Top of MATERIAL SUPPLIED
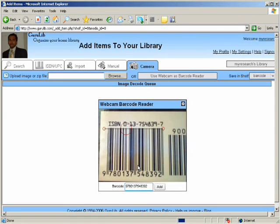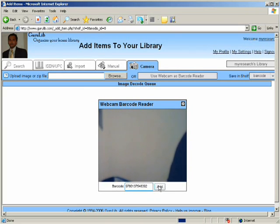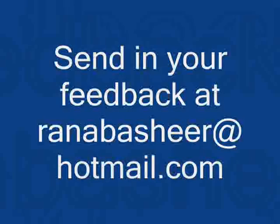Once you have captured the barcode, it will appear on the text box here. All you have to now do is just press the add and it will be added on to your computer. Let's go.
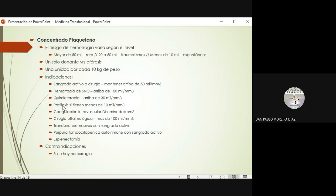Con menos de 10.000, aunque no estén sangrando agudamente, sobre todo si tienen fiebre, utilizo el concentrado plaquetario como profiláctico de sangrados espontáneos. En coagulación intravascular diseminada también puede ser una opción. Si los pacientes van a ser sometidos a cirugía oftalmológica, deben tener más de 100.000. También cuando han recibido transfusiones masivas con sangrado activo. La púrpura trombocitopénica con sangrado activo, o pacientes sometidos a esplenectomía, deben considerarse. Si el paciente tiene plaquetopenia pero no está sangrando, no vayan a ponerle plaquetas solo para subirlo de 70.000 a 80.000.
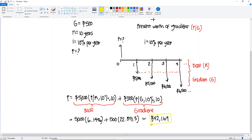If you do the math, you will end up with $42,169. Basically what's going on is it's as if you were individually moving each one of these cash flows to year zero, but it would take a very long time to do that one by one. So this is a faster solution.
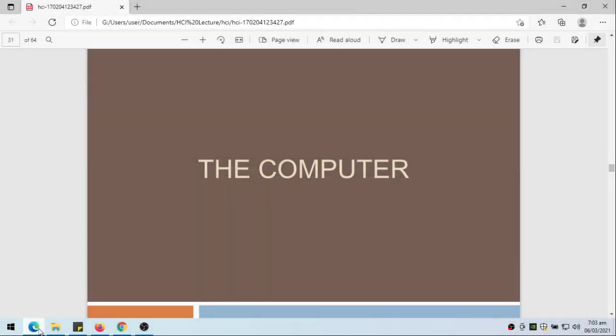Today I'll be talking about the computer. In a previous lesson we introduced HCI and had an introduction of the human, how human processes what it sees or its input from visual, audio, etc. Now let's talk about the computer.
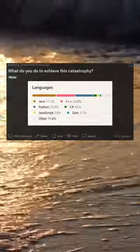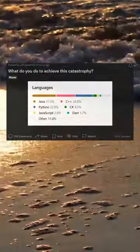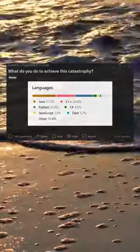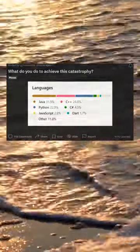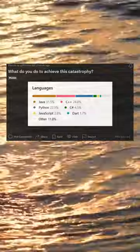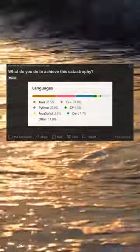What do you do to achieve this catastrophe? Oh hello world tutorial! I learned all these languages, I'm gonna use all these languages.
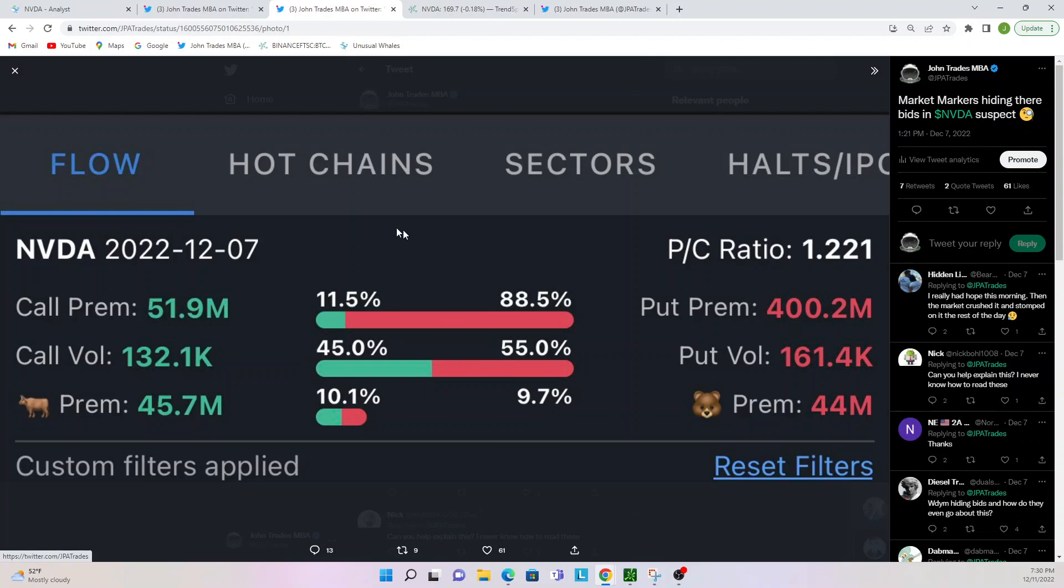When this number gets way down like this where you don't know what's going on, that's where you need to go into the Unusual Whales or whatever flow tracker. But Unusual Whales is the best in my opinion. Just go in there, take a look, see what you can see, and that's where you start making your determination. Okay, what can I do here? How can I solve this? What can I use to set my edge here?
Bottom of MATERIAL SUPPLIED
AIM OF THE EXERCISE
Nothing but the lines from the one holding "If you do the" through the last line of the entries should be written out, exactly and inclusively, minus the pictures.

SOLUTION TO THE PROBLEM
If you do the math, you will end up with $42,169. Basically what's going on is it's as if you were individually moving each one of these cash flows to year zero, but it would take a very long time to do that one by one. So this is a faster solution.
Today I'll be talking about the computer. In a previous lesson we introduced HCI and had an introduction of the human, how human processes what it sees or its input from visual, audio, etc. Now let's talk about the computer.
What do you do to achieve this catastrophe? Oh hello world tutorial! I learned all these languages, I'm gonna use all these languages.
When this number gets way down like this where you don't know what's going on, that's where you need to go into the Unusual Whales or whatever flow tracker. But Unusual Whales is the best in my opinion. Just go in there, take a look, see what you can see, and that's where you start making your determination. Okay, what can I do here? How can I solve this? What can I use to set my edge here?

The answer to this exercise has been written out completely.